The key to proper form in Uttanasana is the ability to control the tipping of the pelvis on the way down and on the way up.

Begin standing with your feet hip-distance apart.

INHALE: Raise your arms up.

EXHALE: Gradually contract your abdomen as you bend forward, moving your arms out and down. Avoid taking a “nose dive”, keep your chest raised, but do not exaggerate the curve of your lower back. Gradually lay your chest and your belly over your legs.

INHALE: Lift your chest forward and up away from the navel, return into the neutral lower back position and maintain that back position as you go up.

PLEASE NOTE: In the viniyoga tradition we usually do not roll up into standing position because of potential anterior compression on the lumbar disks. READ MORE ABOUT IT>

Breathing in Uttanasana

INHALE: Lengthen the spine and expand the upper and middle back, moving the chest slightly away from the legs.

EXHALE: Progressively contract your abdomen as you pull yourself close to the thighs while keeping the spine long.
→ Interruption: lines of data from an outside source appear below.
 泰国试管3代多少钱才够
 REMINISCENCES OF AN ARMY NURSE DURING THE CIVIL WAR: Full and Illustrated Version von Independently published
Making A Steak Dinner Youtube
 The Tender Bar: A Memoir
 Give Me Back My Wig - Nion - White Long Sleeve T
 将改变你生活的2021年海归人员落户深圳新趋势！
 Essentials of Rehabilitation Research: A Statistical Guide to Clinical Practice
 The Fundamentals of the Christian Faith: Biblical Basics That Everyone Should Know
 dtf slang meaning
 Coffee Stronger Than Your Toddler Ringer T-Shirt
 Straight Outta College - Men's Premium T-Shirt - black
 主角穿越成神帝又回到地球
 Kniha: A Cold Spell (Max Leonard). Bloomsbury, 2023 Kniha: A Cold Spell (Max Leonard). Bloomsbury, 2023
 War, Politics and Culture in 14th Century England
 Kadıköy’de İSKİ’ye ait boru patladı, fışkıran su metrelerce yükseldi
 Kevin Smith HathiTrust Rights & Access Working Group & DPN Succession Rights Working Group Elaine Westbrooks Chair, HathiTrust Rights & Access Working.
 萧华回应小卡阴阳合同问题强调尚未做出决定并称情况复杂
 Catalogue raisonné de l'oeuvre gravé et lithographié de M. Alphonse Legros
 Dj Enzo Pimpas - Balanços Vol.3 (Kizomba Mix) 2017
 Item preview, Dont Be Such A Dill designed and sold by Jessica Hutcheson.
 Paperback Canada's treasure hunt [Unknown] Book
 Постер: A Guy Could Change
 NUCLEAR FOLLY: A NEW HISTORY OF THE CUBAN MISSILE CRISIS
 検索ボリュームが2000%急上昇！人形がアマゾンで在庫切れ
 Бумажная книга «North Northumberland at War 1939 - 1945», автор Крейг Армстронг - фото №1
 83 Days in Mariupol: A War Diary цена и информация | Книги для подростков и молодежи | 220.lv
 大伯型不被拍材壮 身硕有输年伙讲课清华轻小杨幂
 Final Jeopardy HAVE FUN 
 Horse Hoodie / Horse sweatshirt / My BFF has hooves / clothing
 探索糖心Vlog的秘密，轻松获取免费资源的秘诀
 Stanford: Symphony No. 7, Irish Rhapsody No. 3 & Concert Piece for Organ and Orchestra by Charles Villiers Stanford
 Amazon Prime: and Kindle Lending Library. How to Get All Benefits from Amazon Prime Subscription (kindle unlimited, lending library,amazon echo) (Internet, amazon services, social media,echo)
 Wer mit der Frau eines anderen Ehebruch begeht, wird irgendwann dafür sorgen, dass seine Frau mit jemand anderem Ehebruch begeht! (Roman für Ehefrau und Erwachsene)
Moving in and out of Uttanasana

Hands and feet positions

Pose adaptations

Uttanasana is a great pose for both stretching and strengthening the lower back with different levels of intensity.

Hands on legs

Uttanasana: Hands on legs is an easier version of the pose that takes the arms out of the equation. That way the student is able to focus on the details of the spinal movement and still work with the lower back without challenging it as much. Lifting half-way up introduces the student to Ardha Uttanasana and proper alignment in that pose. It is excellent for strengthening of the upper, middle and lower back.

Arms out

Uttanasana: Arms out is the version that I use most often. It has the same benefit as the traditional version of strengthening and stretching the lower back, but keeping the arms out encourages students to keep the chest wide both on the way down and on the way up, which decreases the likeliness of a hunched over upper back. We have to be mindful though not to turn it into “swan dive” either, which means exaggerating the lumbar curve. Progressive abdominal contraction is key here.

3 stages down

Uttanasana: 3 stages down is an excellent way to work on developing more control over progressive abdominal contraction. It teaches you proper technique for this pose and stretches your lower back gradually. Segmented movement like that is also useful when you are trying to lengthen your exhalation.

3 stages up

Uttanasana: 3 stages up is not used as often, but can still be helpful for mastering the technique of rising up to standing from a forward bend, and for progressive lower back strengthening. Segmented movement on inhalation is useful when you are trying to lengthen your inhalation.

Hands behind legs

Uttanasana: Hands behind legs creates a different sensation in your upper back, giving it the sense of width. It’s a good move to use if you need some support for the lower back and want to create some space between the shoulder blades.

One arm extended

Uttanasana: One arm extended is excellent for strengthening your back one side at a time and for stretching one side of the neck. It is easier than the full version of the pose with both arms extended, and helps to teach our students proper technique in that pose.

Chair support

Uttanasana: Chair support is useful for students whose backs need a bit more support, or those who cannot bend all the way down because of high blood pressure, vertigo and other challenges. You can support your hands on the back or the seat of the chair, just make sure that you keep your head in line with the spine and keep your weight supported by your legs (not your hands).

Arms and feet options

Uttanasana: Arms and feet options shows you different options for arm and feet placement in the pose. Placing the hands on the floor is more challenging, and wrapping the arms behind the knees helps to stretch the upper back a bit more. Either way, you can bend your knees much more to keep the chest closer to the thighs. Rolling up the mat under the balls of the feet will help stretch the calves a bit more.